Une cartographie mondiale de la biodiversité grâce à l’ADN

SPYGEN développe une technologie novatrice d’inventaire de la biodiversité basée sur la recherche de traces d’ADN dans l’environnement. Un projet qui bénéficie d’un soutien financier de l’ADEME.

Pour recenser les espèces d’un écosystème, les relevés visuels et le marquage des animaux ont longtemps été les méthodes privilégiées. Aujourd’hui, en recueillant un échantillon d’eau, les scientifiques peuvent identifier des brins d’ADN issus de salive, de mucus, d’urine, de gamètes d’animaux, mais aussi des bactéries, virus, traces végétales… « Cette technique non invasive est particulièrement efficace, notamment pour détecter des espèces rares ou invisibles. De plus, elle permet de limiter le temps passé sur le terrain et le coût des inventaires », explique Tony Dejean, président de SPYGEN, entreprise savoyarde. 

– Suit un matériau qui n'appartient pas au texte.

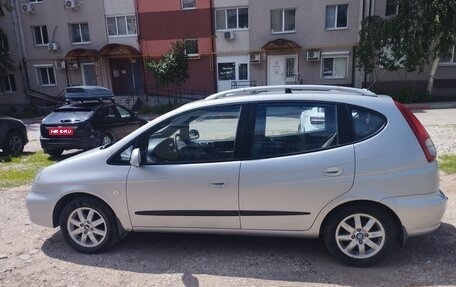 Chevrolet Rezzo, 2007 год, 330 000 рублей, 1 фотография
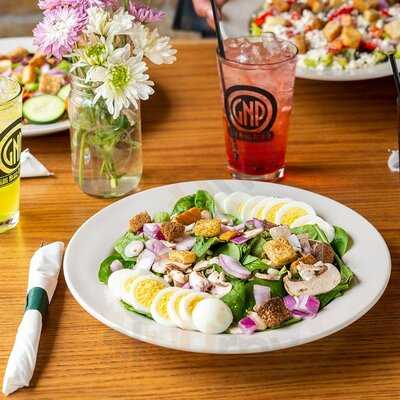 Glass Nickel Pizza Co. Madison East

Observatoire mondial du vivant

Le projet ALIVe de SPYGEN est lauréat du concours du Programme d’investissements d’avenir piloté par l’ADEME. Ses objectifs : développer de nouveaux indicateurs de biodiversité basés sur l’ADN environnemental, standardiser la méthode et créer une plateforme de cartographie pour favoriser le partage des données. Ce projet est à l’origine de l’Observatoire mondial du vivant, Vigilife, lancé en 2021 par SPYGEN avec de nombreux partenaires français et étrangers (Université de Montpellier, ETH Zurich, WWF, CNR, etc.).